Get Smart!

Saturday nights were a good TV night when I was a kid. Flipper was on, as was Pistols ‘n’ Petticoats, a show I loved that was only on for a year. But another show I loved, which lasted a lot longer, was Get Smart!

The show was pretty wacky, but with a deadpan approach. Think of Dragnet, with Joe Friday replaced by a bumbling secret agent. Here’s a typical exchange, delivered in deadpan:

Senator: Mr. Smart, how many arrests did Control make last year?Maxwell Smart: I don’t know.

Senator: Who’s the number one man in your organization?

Maxwell Smart: I don’t know.

Senator: How many cases were assigned to Control last year?

Maxwell Smart: I don’t know.

Senator: What would you do if you were fired, Mr. Smart?

Maxwell Smart: They can’t fire me. I know too much.

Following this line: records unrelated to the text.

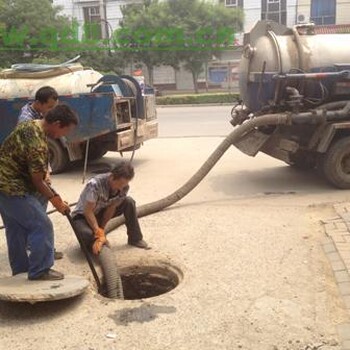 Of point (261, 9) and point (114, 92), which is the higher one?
point (261, 9)

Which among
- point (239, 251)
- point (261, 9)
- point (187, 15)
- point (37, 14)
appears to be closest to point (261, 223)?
point (239, 251)

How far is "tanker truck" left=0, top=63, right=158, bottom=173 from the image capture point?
8961 millimetres

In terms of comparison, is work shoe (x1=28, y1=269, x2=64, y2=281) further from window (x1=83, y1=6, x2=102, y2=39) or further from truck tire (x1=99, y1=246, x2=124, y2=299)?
window (x1=83, y1=6, x2=102, y2=39)

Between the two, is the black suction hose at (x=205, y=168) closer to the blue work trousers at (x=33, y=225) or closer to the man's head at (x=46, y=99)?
the man's head at (x=46, y=99)

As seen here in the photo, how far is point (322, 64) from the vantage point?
7473mm

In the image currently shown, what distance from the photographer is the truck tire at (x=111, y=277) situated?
445 cm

The show was brilliant, hilarious, and fun. How could it be anything else, seeing how Mel Brooks and Buck Henry were the main writers? The show’s popularity wasn’t hurt by the appearance of one of the foxiest ladies on 60’s TV: Barbara Feldon. Man, I’ll bet she sold a lot of Mercury Cougars.

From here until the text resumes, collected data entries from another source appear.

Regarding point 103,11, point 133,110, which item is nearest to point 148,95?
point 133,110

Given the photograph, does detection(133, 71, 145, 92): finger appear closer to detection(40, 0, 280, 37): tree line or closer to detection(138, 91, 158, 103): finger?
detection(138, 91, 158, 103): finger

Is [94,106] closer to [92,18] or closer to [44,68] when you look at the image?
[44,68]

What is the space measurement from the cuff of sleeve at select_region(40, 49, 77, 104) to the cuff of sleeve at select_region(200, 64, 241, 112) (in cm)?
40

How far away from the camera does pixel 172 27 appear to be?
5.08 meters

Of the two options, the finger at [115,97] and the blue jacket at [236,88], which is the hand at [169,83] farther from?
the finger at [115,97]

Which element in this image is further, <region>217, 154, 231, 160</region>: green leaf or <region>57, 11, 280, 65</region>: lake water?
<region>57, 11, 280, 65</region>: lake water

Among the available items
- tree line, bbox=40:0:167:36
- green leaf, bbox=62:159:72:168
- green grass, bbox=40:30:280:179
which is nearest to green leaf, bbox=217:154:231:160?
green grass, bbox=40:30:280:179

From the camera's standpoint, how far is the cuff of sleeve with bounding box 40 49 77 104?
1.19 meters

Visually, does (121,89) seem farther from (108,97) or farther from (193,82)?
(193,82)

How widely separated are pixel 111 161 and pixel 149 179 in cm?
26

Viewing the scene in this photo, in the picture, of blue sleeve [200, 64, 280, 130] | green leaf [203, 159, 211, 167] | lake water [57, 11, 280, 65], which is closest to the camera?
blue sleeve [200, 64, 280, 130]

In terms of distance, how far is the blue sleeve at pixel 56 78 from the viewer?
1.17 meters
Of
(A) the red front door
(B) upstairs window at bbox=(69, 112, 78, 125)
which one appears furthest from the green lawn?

Maxwell Smart would, agent 86 of Control, would find himself in one fix after another in his struggles with Kaos. However, he would manage to finagle a solution and get away in time for next week’s episode.

The show’s unforgettable opening involved driving his car to Control headquarters, then making his way though five doors until he gets to the phone booth at the end of the hall. He would then dial a number and drop through the bottom.

Max’s lines were memorable and repeated by us ad nauseum. “Sorry about that, Chief!” “Would you believe…” “Missed it by that much!” “I asked you not to tell me that!” “Ah, the old (fill in the blank here) trick!”

And then there were the gadgets. The Cone of Silence (which worked a little too well). The shoe phone. The car cigarette lighter phone. The potted plant phone. The fireplace log phone. The pocket disintegrator pen. The ping-pong paddle gun. The gun that fires three directions at once. The cigarette butt grenades. And, of course, the aluminum knuckles (cheaper than brass).

This was quality stuff. Brooks and Henry took some outrageous chances with jokes that were unlike any on TV, and they scored big. I laughed as hard as my parents. Some of the adult humor went over my head, but there were enough pratfalls and such that it was fun for all ages.

Max and 99 ended up married and the parents of twins before it was over with. Most agree that the show took a turn for the worse with all this family stuff going on.

Get Smart! the movie is slated for release some time in 2007. It has some pretty big shoes to fill.